Assessment of an artificial intelligence aid for the detection of appendicular skeletal fractures in children and young adults by senior and junior radiologists

Toan Nguyen

Pediatric Radiology

Published In

Pediatric Radiology (September 2022)


Richard Maarek, Anne-Laure Hermann, Amina Kammoun, Antoine Marchi, Mohamed R. Khelifi-Touhami, Mégane Collin, Aliénor Jaillard, Andrew J. Kompel, Daichi Hayashi, Ali Guermazi & Hubert Ducou Le Pointe



As the number of conventional radiographic examinations in pediatric emergency departments increases, so, too, does the number of reading errors by radiologists.

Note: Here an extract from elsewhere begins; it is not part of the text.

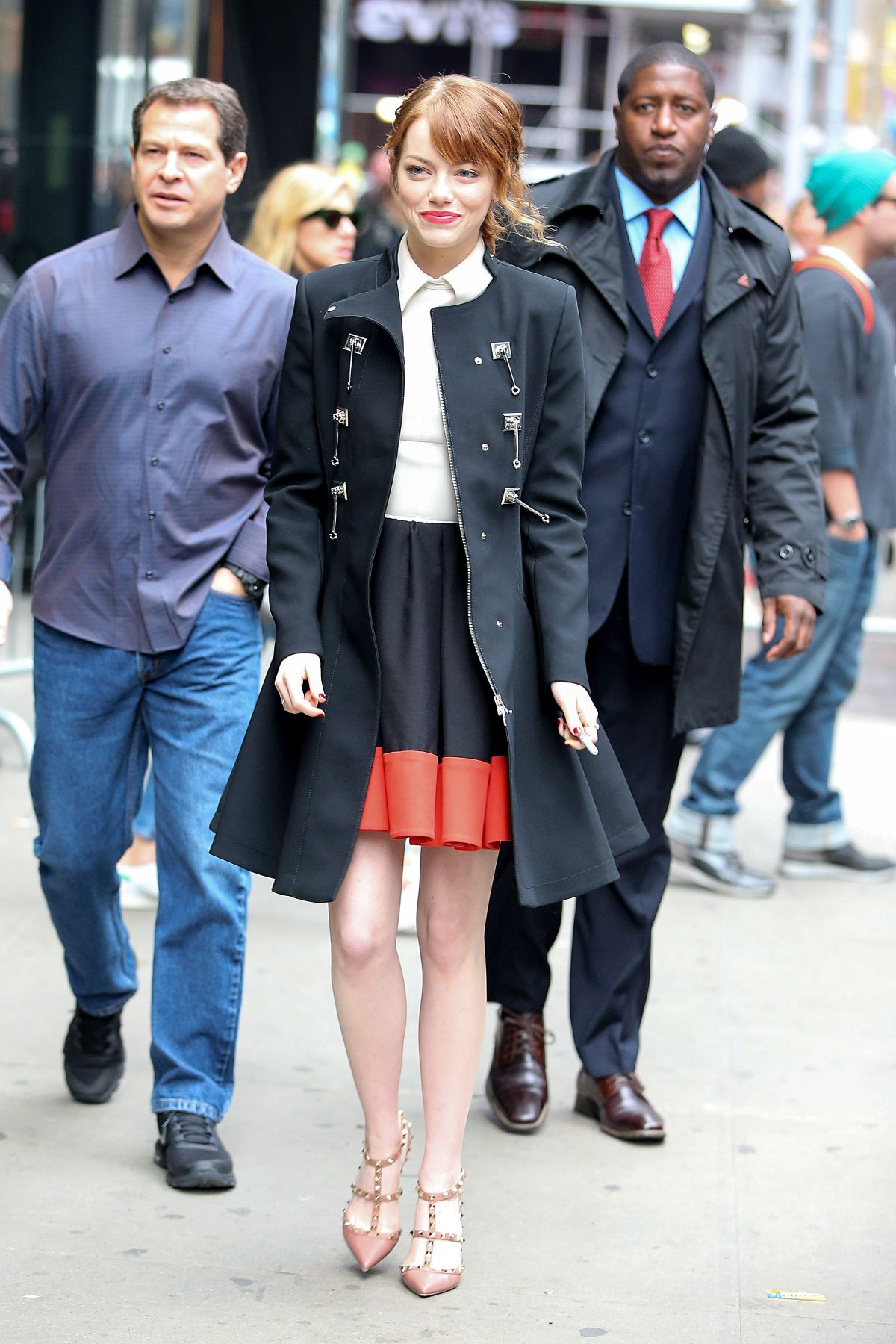 emma-stone-at-good-morning-america-in-nyc_5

The aim of this study is to investigate the ability of artificial intelligence (AI) to improve the detection of fractures by radiologists in children and young adults.

Materials and methods

A cohort of 300 anonymized radiographs performed for the detection of appendicular fractures in patients ages 2 to 21 years was collected retrospectively. The ground truth for each examination was established after an independent review by two radiologists with expertise in musculoskeletal imaging. Discrepancies were resolved by consensus with a third radiologist. Half of the 300 examinations showed at least 1 fracture. Radiographs were read by three senior pediatric radiologists and five radiology residents in the usual manner and then read again immediately after with the help of AI.


The mean sensitivity for all groups was 73.3% (110/150) without AI; it increased significantly by almost 10% (P<0.001) to 82.8% (125/150) with AI. For junior radiologists, it increased by 10.3% (P<0.001) and for senior radiologists by 8.2% (P=0.08). On average, there was no significant change in specificity (from 89.6% to 90.3% [+0.7%, P=0.28]); for junior radiologists, specificity increased from 86.2% to 87.6% (+1.4%, P=0.42) and for senior radiologists, it decreased from 95.1% to 94.9% (-0.2%, P=0.23). The stand-alone sensitivity and specificity of the AI were, respectively, 91% and 90%.


With the help of AI, sensitivity increased by an average of 10% without significantly decreasing specificity in fracture detection in a predominantly pediatric population.